Top of Excerpted records

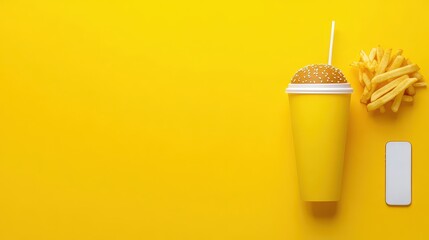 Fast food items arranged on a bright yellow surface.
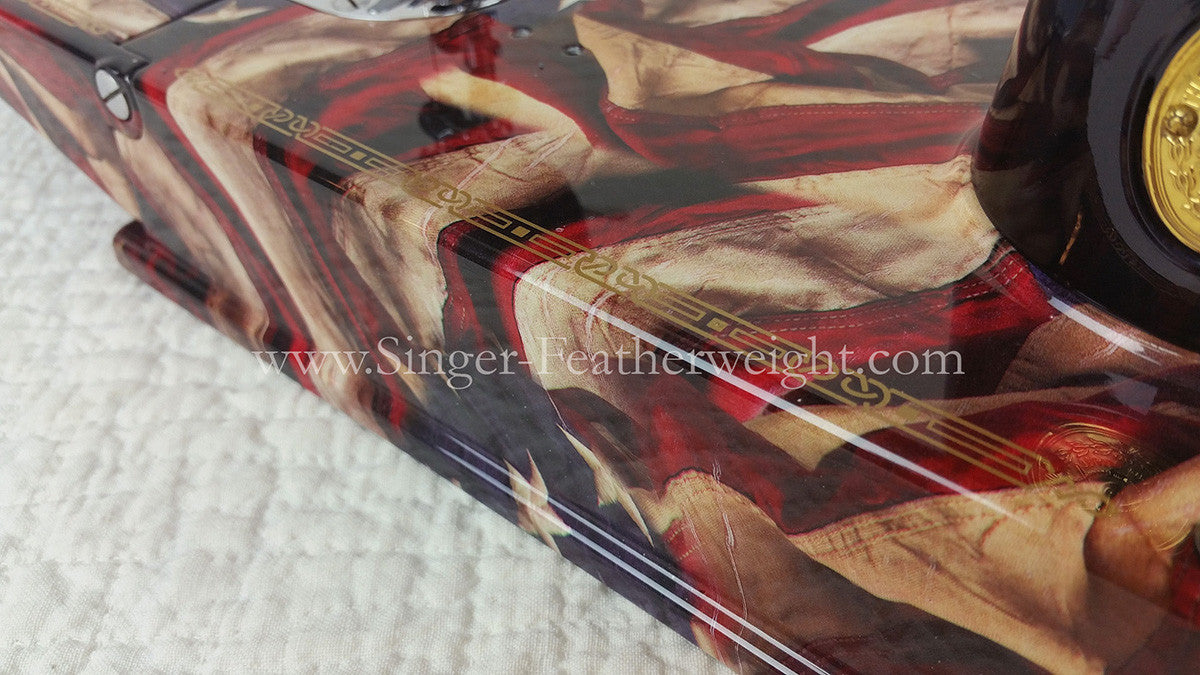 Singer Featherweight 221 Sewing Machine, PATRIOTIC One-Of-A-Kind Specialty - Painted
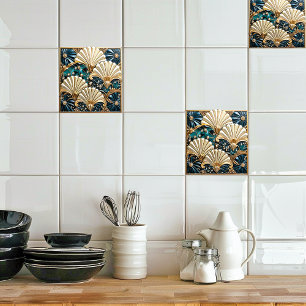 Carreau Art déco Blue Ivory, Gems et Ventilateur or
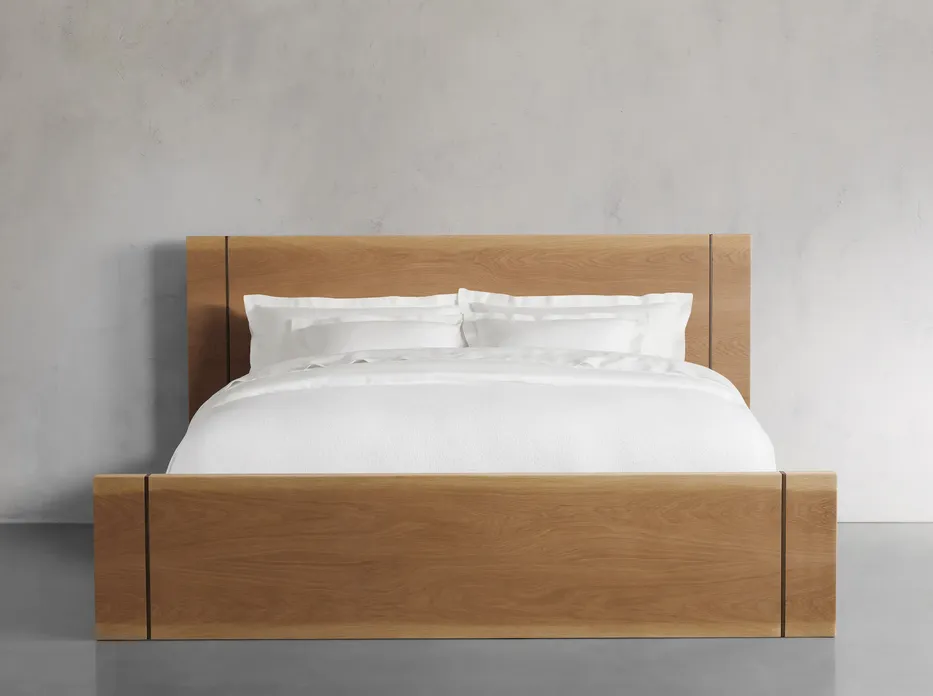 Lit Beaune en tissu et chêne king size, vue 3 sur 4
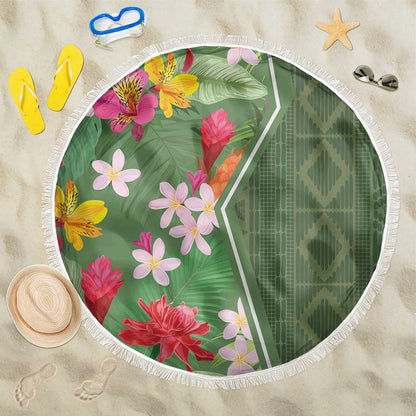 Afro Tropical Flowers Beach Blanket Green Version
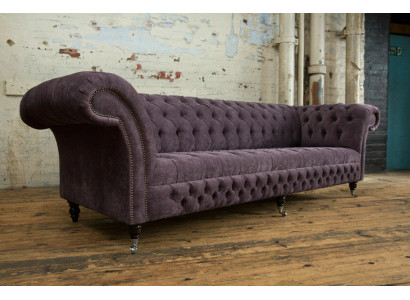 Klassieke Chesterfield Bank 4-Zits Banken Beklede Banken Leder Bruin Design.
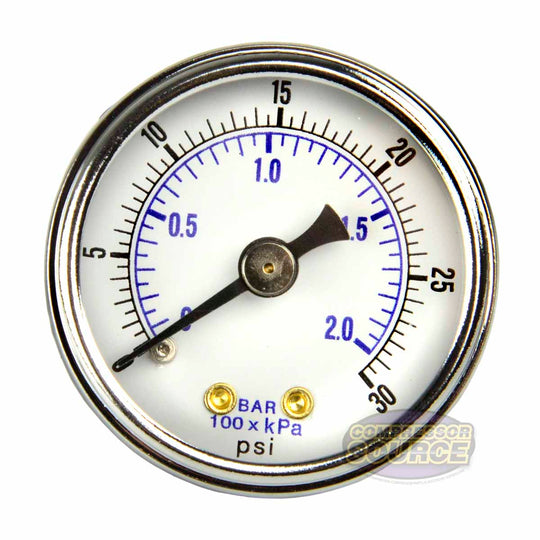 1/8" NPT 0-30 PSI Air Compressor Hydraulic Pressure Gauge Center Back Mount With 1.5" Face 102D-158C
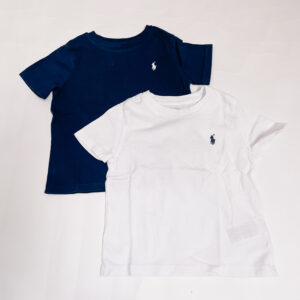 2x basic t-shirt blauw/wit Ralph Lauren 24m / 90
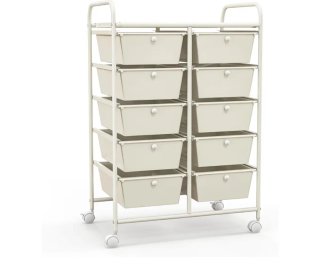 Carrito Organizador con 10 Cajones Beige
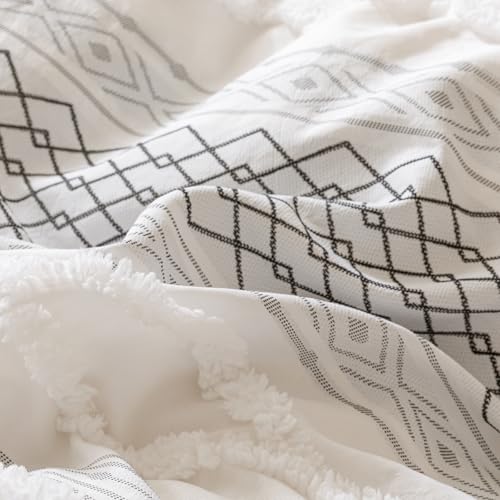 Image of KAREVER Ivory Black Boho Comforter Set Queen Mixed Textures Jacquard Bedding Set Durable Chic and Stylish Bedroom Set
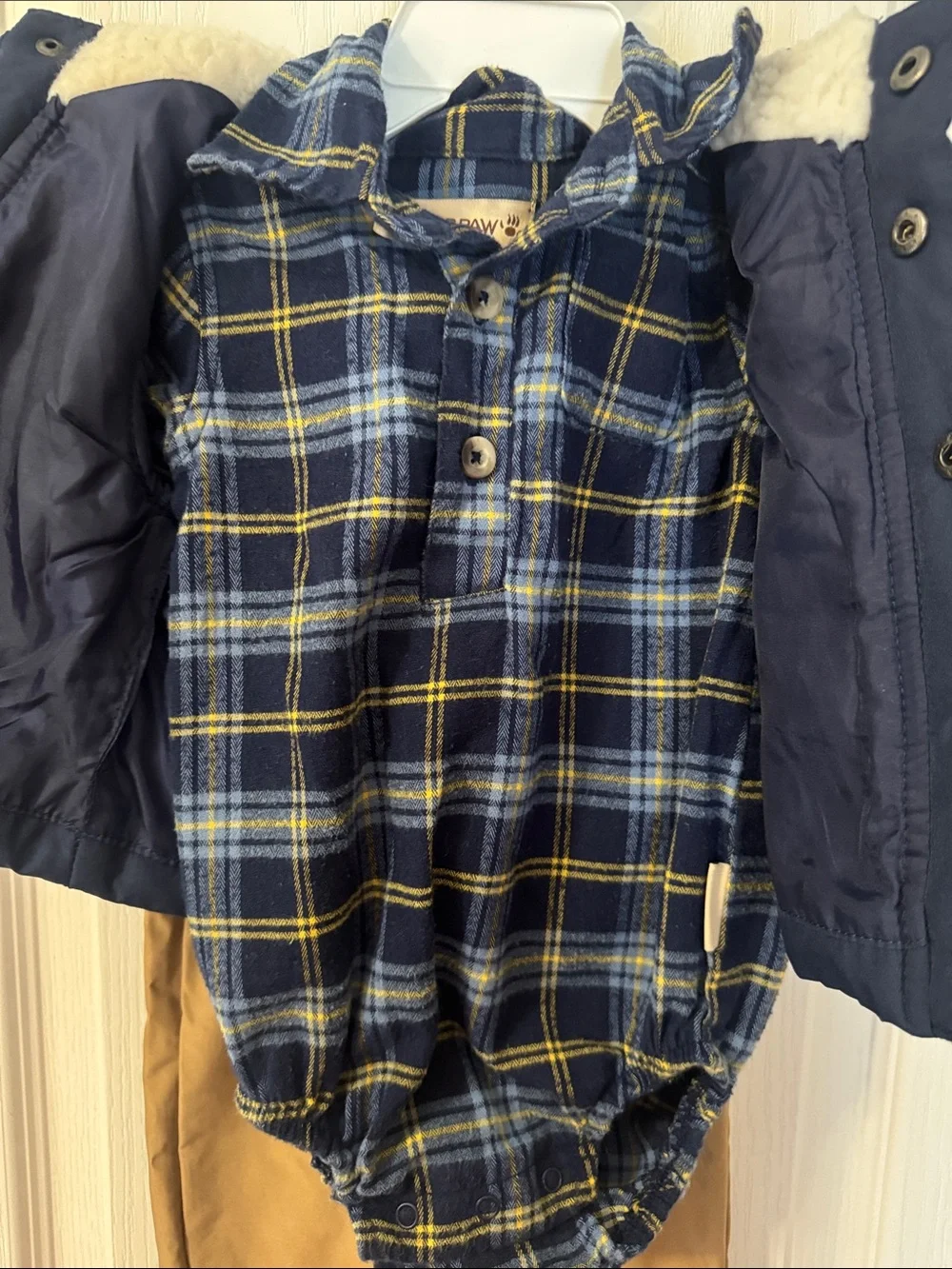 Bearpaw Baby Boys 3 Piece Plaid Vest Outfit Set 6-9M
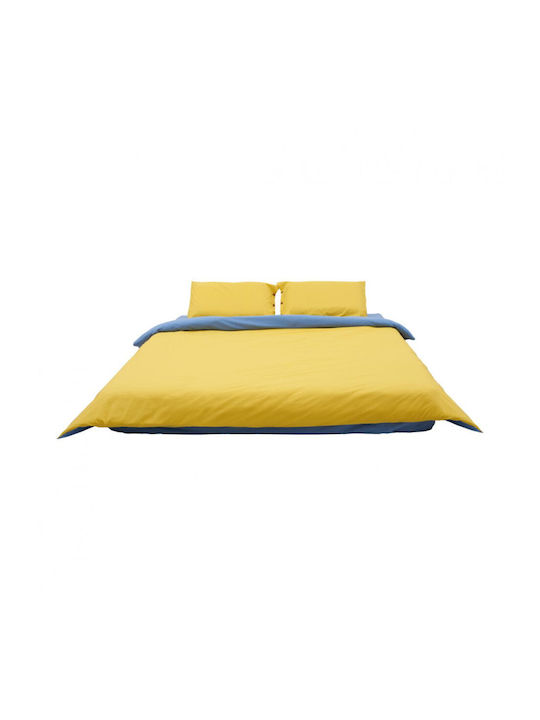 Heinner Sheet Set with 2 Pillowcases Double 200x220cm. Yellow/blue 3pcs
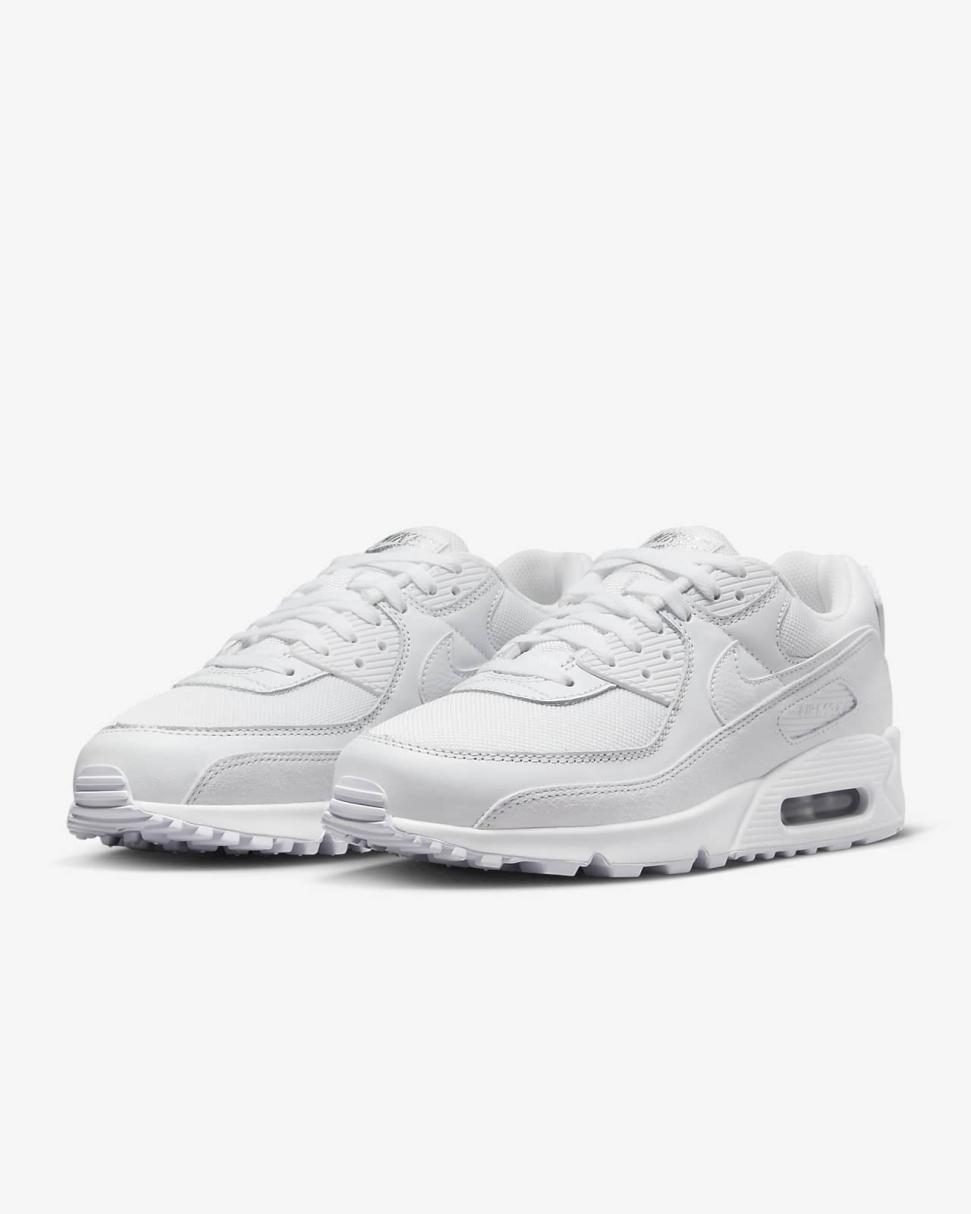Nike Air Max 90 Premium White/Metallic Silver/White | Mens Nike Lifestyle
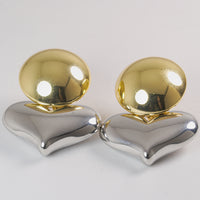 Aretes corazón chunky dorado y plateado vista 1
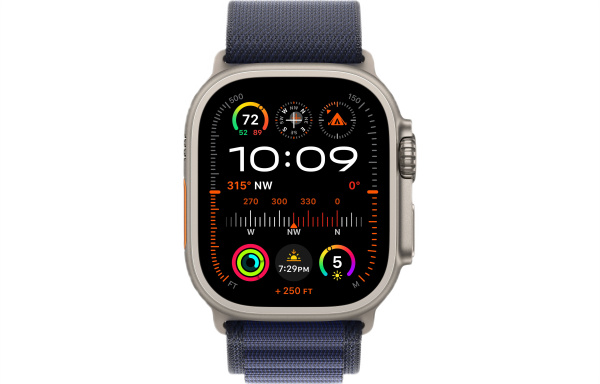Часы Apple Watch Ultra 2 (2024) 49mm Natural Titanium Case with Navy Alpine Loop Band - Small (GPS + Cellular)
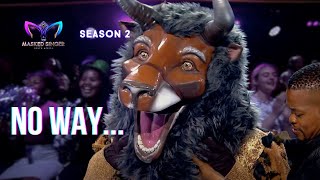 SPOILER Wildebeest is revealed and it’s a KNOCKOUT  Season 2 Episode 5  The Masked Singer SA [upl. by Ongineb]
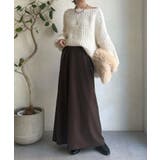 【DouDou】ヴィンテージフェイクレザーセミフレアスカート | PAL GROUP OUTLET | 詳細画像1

Bottom of Excerpted records

Task statement: If a line falls between the one containing "Часы Apple Watch" and the last line of the entries above, both included, reproduce it exactly; leave the pictures out.

Task answer:
Часы Apple Watch Ultra 2 (2024) 49mm Natural Titanium Case with Navy Alpine Loop Band - Small (GPS + Cellular)
 SPOILER Wildebeest is revealed and it’s a KNOCKOUT  Season 2 Episode 5  The Masked Singer SA [upl. by Ongineb]
 【DouDou】ヴィンテージフェイクレザーセミフレアスカート | PAL GROUP OUTLET | 詳細画像1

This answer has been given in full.